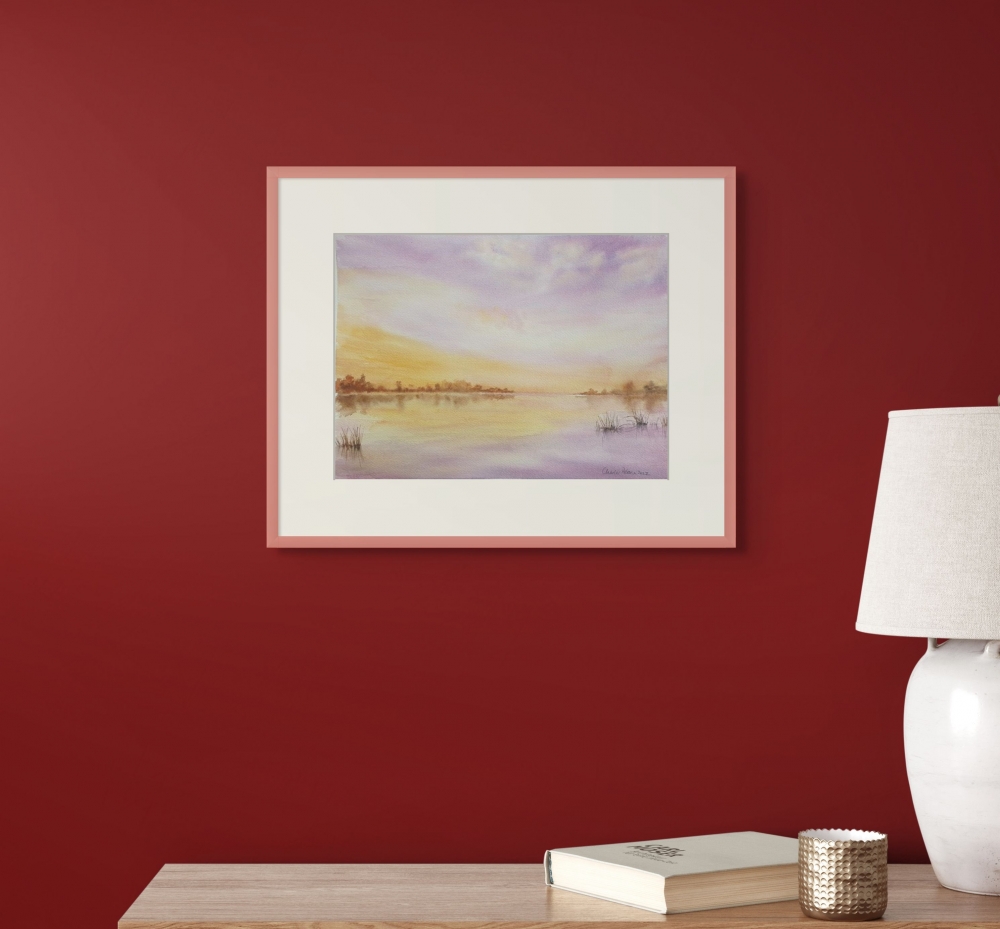 Tranquil Lake at Sunset. Original Signed Watercolour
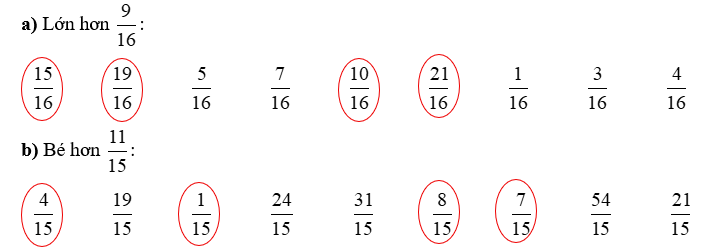 Khoanh vào các phân số:  a) Lớn hơn 9/16 (ảnh 1)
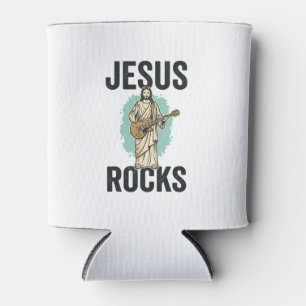 Porta-lata Jesus Rocks Guitar Entalhe Cristão Vintage Des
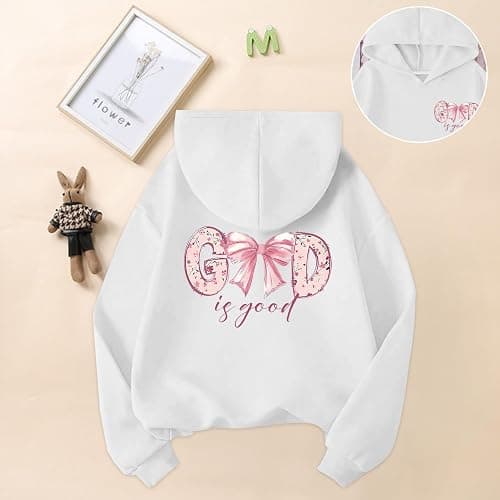 KEEVICI Cute Christian Hoodies for Girls Bow God Is Good Sweatshirt Kawaii Jesus Graphic Hoodie Bible Verse Cotton Pullover thumbnail 6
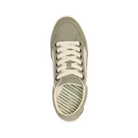 Top View of Women’s Taos Shooting Star Shoe in Sage Beige – featuring a breathable canvas upper with soft textile lining, removable cushioned footbed with arch and metatarsal support, and classic lace-up closure for a secure fit.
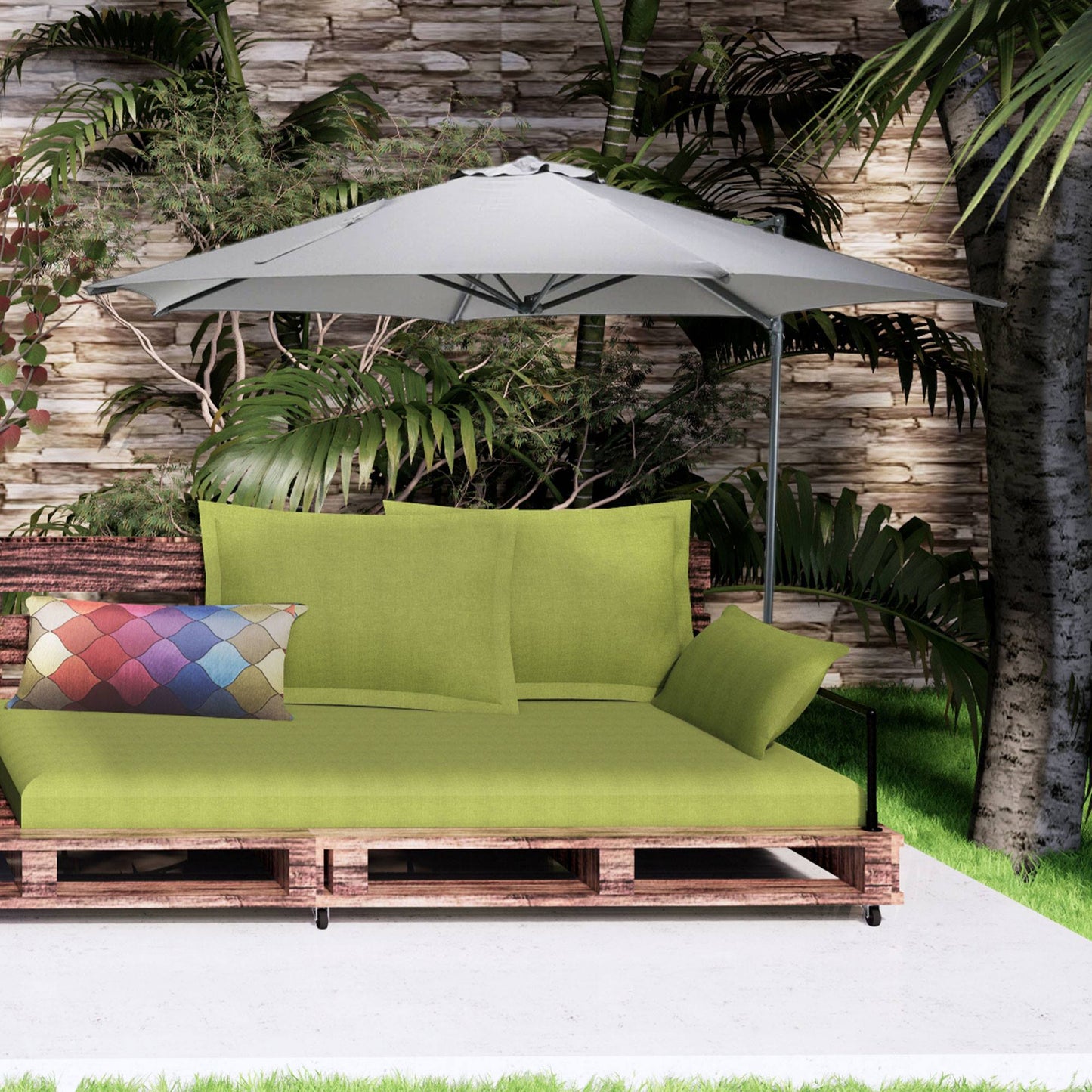 Well Home - Sombrilla Colgante Push Up Ø270cm Gris Claro Con Base De Acero Cruzado_2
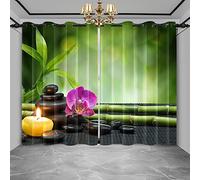 SDOTPMT 168x229cm Zen Eau Spa Rideau de fenêtre Orchidée Fleur Bambou Feuille Rideaux de fenêtre Bougie Aromathérapie Méditation Rideaux Opaques pour Chambre Isolation Thermique, 2 Panneaux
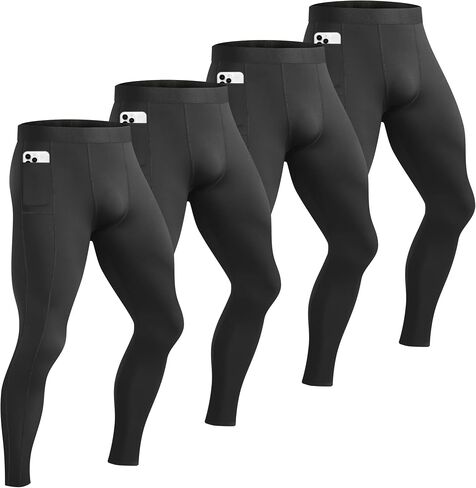 HovSiyla Mens Compression Pocket Athletic Pants Sports Performance Base Layer Wortout Running Tights Gym Spandex Leggings in Kuwait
==============================
=== Work item ===
Keep every word of the records exact as you write them out, but drop the pictures.

=== Output for this task ===
 Tranquil Lake at Sunset. Original Signed Watercolour
 Khoanh vào các phân số:  a) Lớn hơn 9/16 (ảnh 1)
 Porta-lata Jesus Rocks Guitar Entalhe Cristão Vintage Des
 KEEVICI Cute Christian Hoodies for Girls Bow God Is Good Sweatshirt Kawaii Jesus Graphic Hoodie Bible Verse Cotton Pullover thumbnail 6
 Top View of Women’s Taos Shooting Star Shoe in Sage Beige – featuring a breathable canvas upper with soft textile lining, removable cushioned footbed with arch and metatarsal support, and classic lace-up closure for a secure fit.
 Well Home - Sombrilla Colgante Push Up Ø270cm Gris Claro Con Base De Acero Cruzado_2
 SDOTPMT 168x229cm Zen Eau Spa Rideau de fenêtre Orchidée Fleur Bambou Feuille Rideaux de fenêtre Bougie Aromathérapie Méditation Rideaux Opaques pour Chambre Isolation Thermique, 2 Panneaux
 HovSiyla Mens Compression Pocket Athletic Pants Sports Performance Base Layer Wortout Running Tights Gym Spandex Leggings in Kuwait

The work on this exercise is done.